The reasoning is grounded in real operational differences. Civilian TECC practitioners often have access to drug-assisted airway management, which extends the value of supraglottic devices well beyond what a military medic can do in the field. Scope of practice in civilian EMS varies by jurisdiction, and the National EMS Scope of Practice Model explicitly limits cricothyroidotomy to the paramedic level. According to 2022 data, only about 25.6 percent of nationally registered EMS responders held paramedic certification. A protocol that defaults to surgical airway in a system where most practitioners cannot legally perform one is not operationally viable.


For tactical medics working in civilian law enforcement environments, the gap between these frameworks matters. Training under TCCC while operating under TECC protocols creates a real possibility for confusion if the distinction is not explicitly addressed. Personnel need to know which guidelines govern their training, which govern their operations, and where the two differ.

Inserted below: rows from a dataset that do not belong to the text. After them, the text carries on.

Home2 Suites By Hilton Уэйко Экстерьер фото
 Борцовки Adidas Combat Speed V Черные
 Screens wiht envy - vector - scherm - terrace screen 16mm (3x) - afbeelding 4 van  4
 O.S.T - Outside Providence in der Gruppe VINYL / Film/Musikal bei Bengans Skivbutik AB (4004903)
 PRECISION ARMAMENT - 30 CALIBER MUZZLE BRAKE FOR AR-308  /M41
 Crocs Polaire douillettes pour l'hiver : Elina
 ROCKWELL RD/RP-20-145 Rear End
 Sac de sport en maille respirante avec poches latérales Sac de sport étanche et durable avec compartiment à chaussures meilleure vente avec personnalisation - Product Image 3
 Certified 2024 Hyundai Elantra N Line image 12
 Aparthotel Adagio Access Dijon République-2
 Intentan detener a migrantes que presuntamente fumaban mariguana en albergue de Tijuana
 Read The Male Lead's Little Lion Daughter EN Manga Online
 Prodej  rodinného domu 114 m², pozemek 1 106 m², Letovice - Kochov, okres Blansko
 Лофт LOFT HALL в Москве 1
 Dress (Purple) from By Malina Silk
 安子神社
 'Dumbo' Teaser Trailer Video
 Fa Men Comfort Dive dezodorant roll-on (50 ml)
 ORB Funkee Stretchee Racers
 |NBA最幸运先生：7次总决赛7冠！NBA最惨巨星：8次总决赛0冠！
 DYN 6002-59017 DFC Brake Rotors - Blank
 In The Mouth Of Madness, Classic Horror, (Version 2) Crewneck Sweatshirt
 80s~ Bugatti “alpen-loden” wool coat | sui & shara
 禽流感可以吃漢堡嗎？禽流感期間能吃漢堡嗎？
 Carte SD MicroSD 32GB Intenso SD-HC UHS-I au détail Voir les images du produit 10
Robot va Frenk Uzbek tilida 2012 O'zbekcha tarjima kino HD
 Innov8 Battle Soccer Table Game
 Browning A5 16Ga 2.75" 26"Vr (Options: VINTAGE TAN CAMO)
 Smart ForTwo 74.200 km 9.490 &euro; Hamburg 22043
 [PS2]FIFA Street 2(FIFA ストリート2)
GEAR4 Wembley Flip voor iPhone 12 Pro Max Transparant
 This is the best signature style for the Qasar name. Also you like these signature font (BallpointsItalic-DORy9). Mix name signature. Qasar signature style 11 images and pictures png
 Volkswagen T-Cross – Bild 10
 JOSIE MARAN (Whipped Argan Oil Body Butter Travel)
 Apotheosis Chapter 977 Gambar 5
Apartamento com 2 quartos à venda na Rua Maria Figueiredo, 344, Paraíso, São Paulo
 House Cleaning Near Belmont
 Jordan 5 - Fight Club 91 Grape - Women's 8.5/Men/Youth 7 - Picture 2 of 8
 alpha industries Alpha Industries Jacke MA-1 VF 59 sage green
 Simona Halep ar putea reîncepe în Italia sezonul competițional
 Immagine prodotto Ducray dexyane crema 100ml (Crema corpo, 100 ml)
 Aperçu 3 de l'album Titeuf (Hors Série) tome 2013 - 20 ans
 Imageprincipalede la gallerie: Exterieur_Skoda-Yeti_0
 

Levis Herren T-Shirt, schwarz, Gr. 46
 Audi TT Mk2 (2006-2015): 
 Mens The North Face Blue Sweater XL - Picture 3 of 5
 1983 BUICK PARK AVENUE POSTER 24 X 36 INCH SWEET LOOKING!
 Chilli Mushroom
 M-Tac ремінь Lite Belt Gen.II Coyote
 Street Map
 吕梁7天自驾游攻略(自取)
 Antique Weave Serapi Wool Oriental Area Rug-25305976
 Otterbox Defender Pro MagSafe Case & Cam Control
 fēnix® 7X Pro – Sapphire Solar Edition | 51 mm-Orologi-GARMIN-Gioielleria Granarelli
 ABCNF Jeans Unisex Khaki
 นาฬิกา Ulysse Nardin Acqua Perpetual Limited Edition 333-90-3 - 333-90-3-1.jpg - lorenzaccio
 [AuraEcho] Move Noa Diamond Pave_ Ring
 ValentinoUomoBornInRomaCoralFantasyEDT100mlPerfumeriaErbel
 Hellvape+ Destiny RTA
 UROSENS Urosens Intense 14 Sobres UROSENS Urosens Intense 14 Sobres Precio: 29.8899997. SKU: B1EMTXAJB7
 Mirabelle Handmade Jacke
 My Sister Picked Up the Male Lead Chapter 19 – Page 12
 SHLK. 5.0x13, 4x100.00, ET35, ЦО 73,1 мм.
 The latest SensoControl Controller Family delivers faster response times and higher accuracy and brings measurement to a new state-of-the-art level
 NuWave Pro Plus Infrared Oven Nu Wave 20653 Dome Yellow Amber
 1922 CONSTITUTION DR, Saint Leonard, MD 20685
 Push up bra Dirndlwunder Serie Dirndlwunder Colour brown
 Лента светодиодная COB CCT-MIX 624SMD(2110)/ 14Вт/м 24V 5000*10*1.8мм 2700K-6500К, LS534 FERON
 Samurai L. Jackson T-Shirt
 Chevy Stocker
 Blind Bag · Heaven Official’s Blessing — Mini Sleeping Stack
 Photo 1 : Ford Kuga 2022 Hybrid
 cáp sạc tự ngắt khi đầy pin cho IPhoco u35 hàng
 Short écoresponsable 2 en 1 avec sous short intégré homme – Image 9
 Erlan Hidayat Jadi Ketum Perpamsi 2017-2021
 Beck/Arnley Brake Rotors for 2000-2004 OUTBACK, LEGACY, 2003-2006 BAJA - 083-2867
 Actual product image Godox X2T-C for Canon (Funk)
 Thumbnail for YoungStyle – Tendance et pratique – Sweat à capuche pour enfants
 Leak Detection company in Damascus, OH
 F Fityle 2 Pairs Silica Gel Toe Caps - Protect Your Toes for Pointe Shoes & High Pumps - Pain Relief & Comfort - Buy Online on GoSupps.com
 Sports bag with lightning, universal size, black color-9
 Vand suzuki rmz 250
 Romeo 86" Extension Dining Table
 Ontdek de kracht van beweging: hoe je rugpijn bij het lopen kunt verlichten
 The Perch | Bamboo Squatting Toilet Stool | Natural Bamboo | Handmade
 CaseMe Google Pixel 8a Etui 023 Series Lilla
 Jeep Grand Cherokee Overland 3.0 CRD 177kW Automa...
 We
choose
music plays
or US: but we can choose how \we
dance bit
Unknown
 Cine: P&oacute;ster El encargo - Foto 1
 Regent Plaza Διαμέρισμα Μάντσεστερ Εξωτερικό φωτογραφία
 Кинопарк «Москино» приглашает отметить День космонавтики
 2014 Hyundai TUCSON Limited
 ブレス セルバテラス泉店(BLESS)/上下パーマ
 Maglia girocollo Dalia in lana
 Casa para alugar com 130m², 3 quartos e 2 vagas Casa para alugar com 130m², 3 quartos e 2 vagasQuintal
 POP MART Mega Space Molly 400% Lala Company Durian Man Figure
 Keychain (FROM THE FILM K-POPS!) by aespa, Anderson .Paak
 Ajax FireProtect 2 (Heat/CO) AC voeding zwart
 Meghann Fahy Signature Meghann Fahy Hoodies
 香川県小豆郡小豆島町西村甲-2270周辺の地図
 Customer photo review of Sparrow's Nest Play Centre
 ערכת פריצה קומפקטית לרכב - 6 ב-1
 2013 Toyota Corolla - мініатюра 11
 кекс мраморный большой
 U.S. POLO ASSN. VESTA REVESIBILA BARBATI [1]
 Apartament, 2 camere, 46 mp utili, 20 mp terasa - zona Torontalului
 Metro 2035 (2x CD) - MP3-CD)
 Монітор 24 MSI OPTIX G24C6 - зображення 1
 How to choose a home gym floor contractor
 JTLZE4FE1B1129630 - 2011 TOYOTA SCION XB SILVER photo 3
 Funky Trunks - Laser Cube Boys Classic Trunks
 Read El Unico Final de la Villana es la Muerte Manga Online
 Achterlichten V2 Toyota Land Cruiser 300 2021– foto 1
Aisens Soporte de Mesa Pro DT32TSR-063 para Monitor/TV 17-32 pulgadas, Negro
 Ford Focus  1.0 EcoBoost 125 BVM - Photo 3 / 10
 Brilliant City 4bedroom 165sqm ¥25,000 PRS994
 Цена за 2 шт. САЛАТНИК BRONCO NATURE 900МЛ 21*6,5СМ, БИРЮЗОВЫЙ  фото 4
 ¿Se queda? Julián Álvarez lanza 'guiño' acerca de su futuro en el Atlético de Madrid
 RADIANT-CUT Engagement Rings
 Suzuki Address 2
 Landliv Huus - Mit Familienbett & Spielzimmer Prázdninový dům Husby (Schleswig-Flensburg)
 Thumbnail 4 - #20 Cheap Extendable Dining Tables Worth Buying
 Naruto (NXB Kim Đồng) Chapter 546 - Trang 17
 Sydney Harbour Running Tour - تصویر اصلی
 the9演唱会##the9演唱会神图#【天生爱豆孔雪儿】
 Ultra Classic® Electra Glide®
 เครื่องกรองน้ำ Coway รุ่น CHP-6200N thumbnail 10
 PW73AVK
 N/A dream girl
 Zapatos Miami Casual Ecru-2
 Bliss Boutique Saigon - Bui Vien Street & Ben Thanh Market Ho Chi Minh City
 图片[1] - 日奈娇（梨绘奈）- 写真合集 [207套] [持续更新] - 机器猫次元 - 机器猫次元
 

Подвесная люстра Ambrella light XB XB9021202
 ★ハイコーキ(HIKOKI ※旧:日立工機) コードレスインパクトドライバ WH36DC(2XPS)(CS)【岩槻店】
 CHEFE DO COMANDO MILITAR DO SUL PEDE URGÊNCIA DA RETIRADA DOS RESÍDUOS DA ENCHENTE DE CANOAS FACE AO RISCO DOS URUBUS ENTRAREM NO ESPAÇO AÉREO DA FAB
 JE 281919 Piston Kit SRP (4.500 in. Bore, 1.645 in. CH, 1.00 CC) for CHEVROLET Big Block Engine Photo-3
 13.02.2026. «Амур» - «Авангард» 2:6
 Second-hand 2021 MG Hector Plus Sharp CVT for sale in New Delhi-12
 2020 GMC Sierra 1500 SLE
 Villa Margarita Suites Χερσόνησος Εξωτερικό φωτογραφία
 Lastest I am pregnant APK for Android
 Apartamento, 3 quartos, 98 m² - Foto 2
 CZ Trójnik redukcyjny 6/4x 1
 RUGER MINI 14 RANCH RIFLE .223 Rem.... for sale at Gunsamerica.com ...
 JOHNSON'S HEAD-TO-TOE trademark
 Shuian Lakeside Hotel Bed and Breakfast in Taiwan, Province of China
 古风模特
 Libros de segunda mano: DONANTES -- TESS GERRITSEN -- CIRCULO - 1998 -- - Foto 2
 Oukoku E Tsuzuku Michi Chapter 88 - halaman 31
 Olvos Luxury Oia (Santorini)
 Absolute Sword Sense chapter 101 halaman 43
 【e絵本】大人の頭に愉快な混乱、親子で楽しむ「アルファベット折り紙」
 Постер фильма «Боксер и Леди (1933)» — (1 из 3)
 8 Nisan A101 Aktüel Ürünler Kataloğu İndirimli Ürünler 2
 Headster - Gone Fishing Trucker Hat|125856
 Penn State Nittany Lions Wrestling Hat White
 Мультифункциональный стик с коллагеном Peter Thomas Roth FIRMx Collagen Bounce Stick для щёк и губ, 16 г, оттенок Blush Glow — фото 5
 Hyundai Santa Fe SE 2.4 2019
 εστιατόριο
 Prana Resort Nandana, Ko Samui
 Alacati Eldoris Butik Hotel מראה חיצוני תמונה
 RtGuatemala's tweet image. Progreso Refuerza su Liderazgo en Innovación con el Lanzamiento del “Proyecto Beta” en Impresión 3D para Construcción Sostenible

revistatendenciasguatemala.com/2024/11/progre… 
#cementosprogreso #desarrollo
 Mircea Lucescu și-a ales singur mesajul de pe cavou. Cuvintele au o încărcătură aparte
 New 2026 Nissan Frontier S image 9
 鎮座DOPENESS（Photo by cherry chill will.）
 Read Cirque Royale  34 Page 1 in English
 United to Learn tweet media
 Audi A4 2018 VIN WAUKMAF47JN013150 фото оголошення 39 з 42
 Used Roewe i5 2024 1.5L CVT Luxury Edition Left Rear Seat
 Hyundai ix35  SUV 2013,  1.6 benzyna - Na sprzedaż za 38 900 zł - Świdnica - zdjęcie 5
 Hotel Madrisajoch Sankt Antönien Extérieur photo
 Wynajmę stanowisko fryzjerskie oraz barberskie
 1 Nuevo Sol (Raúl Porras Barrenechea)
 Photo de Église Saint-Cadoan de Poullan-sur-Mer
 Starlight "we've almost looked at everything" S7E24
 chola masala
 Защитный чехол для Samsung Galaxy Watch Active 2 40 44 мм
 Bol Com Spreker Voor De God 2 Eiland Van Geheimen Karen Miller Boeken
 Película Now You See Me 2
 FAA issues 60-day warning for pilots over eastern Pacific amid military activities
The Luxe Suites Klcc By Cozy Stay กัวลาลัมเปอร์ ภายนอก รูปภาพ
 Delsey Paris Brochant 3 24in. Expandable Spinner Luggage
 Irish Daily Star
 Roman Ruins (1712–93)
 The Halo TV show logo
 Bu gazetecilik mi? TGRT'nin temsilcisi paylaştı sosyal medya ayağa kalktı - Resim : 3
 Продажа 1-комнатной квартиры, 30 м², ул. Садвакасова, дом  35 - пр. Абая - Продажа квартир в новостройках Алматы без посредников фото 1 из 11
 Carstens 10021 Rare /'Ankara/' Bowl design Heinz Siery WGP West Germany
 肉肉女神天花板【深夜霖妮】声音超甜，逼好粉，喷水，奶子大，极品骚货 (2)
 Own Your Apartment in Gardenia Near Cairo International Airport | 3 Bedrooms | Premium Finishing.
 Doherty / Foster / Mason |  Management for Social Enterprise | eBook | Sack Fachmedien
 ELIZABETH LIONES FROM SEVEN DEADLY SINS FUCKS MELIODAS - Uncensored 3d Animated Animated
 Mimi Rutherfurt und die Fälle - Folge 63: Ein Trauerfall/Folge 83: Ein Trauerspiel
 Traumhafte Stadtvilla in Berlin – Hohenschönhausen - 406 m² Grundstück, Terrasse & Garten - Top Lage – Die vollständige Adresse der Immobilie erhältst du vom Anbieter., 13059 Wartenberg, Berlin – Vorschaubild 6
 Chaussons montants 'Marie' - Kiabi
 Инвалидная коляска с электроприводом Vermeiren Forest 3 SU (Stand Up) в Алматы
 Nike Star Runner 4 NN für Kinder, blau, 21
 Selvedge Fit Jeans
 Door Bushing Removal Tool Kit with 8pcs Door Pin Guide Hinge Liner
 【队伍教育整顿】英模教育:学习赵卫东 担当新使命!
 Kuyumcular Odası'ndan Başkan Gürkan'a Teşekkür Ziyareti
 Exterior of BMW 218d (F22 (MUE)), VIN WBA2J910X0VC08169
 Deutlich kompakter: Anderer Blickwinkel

What It Means for Training

Any course that presents NPAs or supraglottic devices as standard Tactical Field Care airway adjuncts is teaching a sequence that is no longer current. Kit standards follow the same logic: bag valve masks in TCCC-aligned kits should be 1,000 milliliters, and continuous EtCO2 capnography should be present in any kit that includes a cricothyroidotomy setup. For units whose personnel train to TCCC but operate under TECC or local agency protocol, that gap is the conversation worth having explicitly rather than assuming everyone already knows which set of rules applies.


Two Credible Organizations. Two Different Answers.

The CoTCCC and C-TECC reviewed the same evidence and reached genuinely different conclusions. That is not a failure of either process. It reflects a real difference in operational environment: what is appropriate for a combat medic with no drug-assisted airway options is not automatically appropriate for a civilian tactical medic with paramedic-level training and a different scope of practice. The current TCCC guidelines reflect the environment they were written for. The C-TECC position reflects the environment it was written for. The problem is when personnel train in one framework and operate in another without anyone making the distinction explicit.